I am interested in infinity in its many manifestations – from humanity’s historical inquiry of the notion to its relevance in the age of exponential technological advances. Infinity suggests the presence of a realm beyond our reach; yet our comprehension of the concept relies on that which is within our reach - an infinite number of an entity relies on the foundational comprehension of what one unit of the entity is. Infinity is hence a fascinating embodiment of reasoning meets imagination; materiality meets abstraction, and a bridge between the real and the imagined.
Each of my series tackles a sub-inquiry of infinity. Do we crave for the possession of truth, or as Gotthold Ephraim Lessing puts it, the “sincere exertion to get to the truth?” What’s behind humanity’s craving for immortality, and what properties does timelessness have? What do the Singularity, and concepts in artificial intelligence reveal about the evolving relationship between humanity and the act of Creating?
In the past decade, there has been a surge in creative coding tools, democratizing artists’ capacity to build interactive installations using data - which could be broadly defined ranging from real-time positions of the viewers in relation to the artwork, to audio files of sounds collected during space missions.
Of Vanities and Beyond the Invisible Cites are attempts to use the shared and contrasting properties between oil on canvas and creative coding as a window to investigate the effects of automation and artificial intelligence have on the nature of art. The two mediums have contrasting relationships with the ‘infinite’, one distills things down to the essence and let the essence speaks an eternal truth, the other’s relevance depends on data being constantly updated.
La Technologie pour la Technologie is a work-in-progress series that juxtaposes motherboards with oil-paint, drawing parallels between the use of "form factors” in the creation of motherboards, and the attempted standardizing of colors in the creation of paint.
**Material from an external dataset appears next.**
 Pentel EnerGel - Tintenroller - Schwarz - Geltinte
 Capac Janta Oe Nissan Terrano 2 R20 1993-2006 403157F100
The series draws heavily from Walter Benjamin’s "The Work of Art in the Age of Mechanical Reproduction”, which includes a quote by Paul Valery that aptly captures my interest in the topic:
“In all the arts there is a physical component which can no longer be considered or treated as it used to be, which cannot remain unaffected by our modern knowledge and over. […] We must expect great innovations to transform the entire technique of the arts, thereby affecting artistic invention itself and perhaps even bringing about an amazing change in our very notion of art” - Paul Valery, Pieces sur L’Art, 1931; Le Conquete de l’ubiquity.
Using tools and techniques in oil-painting and creative coding, I hope for my work to raise questions about the state of contemporary art by carving out a space for dialogues and confrontations between the two mediums.